One of the classic books on hunting dogs in the United States in the early part of last century was Oliver Hartley’s Hunting Dogs (1909). The book is geared toward the Eastern and Midwestern states, and although he rambles a bit in places, there are some quite eloquent pieces of prose in parts of the book.
Take his discussion on why men should go coonhunting:
There are many reasons why the ‘coon hunt is fast becoming one of the most popular of the manly sports. The ‘coon is found in many sections of the United States. Other game is becoming very scarce. The wealthy business man, the man of affairs who is tied to his desk six days out of the week, can own a ‘coon hound and in the stilly hours of the night, after the day’s turmoil of business, can enjoy a few hours of the most strenuous sport now left to us and witness a battle royal between his faithful hound and the monarch of the forest, the wily ‘coon. Nothing that I can contemplate is more exhilarating or more soothing to the nerves than the excitement of the ‘coon hunt. From the first long drawn note when the trail is struck until the hound’s victorious cry at the tree, it is one round of excitement and anticipation. What or whose hound is leading? What direction will Mr. Coon take? What dog will be first to tree? And then the fight! It is simply great! And then showing the hide to the boys who didn’t go, and telling them about it for days to come.
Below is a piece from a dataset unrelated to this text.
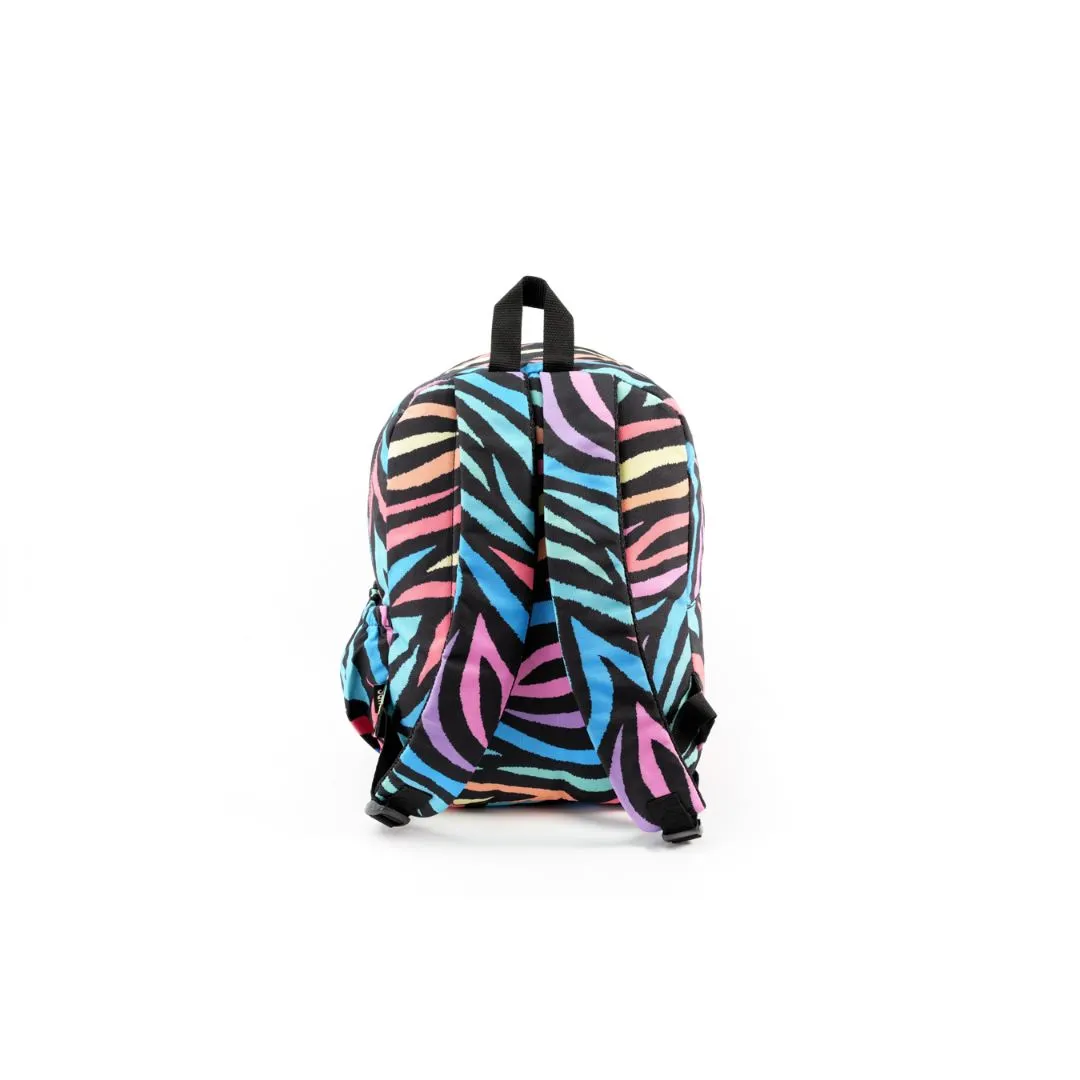 Leopard Skin Bag Backpack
The ‘coon hunt calls for manhood. Tender weaklings cannot endure the exertions necessary to enjoy this sport. It is too strenuous for the lazy man or the effeminate man to enjoy. They shudder at the thoughts of donning a pair of heavy hip boots and tramping thru swamps and slashes, crossing creeks and barbed wire fences, thru briars and thickets, maybe for several miles, and the probability of getting lost and having to stay all night. But to the man with nerve and backbone this is one of the enjoyable features. It affords great fun to get a tenderfoot to go out for the first time and initiate him into the “‘coon hunters’ club.” The tenderfoot will use every cuss word ever invented and will coin new ones when the supply of old ones becomes worn out and ineffective. He will cuss the briars, cuss the ditches, cuss the creek, cuss the fences, cuss the swamps, cuss the slashes, cuss the man who persuaded him to go, and finally cuss himself for going. But when the excitement of the chase is on and when the fight commences he becomes reconciled; and if good luck is had he is very likely to be the next man to propose another “‘coon hunt.”
A half dozen hunts will make an enthusiastic ‘coon hunter of any able bodied man — and I might suggest that a half a thousand ‘coon hunts will make an able bodied man out of any man. It will throw off the waste matter and dead tissues of the body, cause deep breathing, arouse torpid and sluggish livers, promote digestion, and is a general panacea for all human ailments of both mind and body.
So it is rigorous sport that pits man and dogs against the “monarch of the forest,” which will be the only place in all of Western literature where a raccoon is given this title!
And it will cure you of just about all that ails you!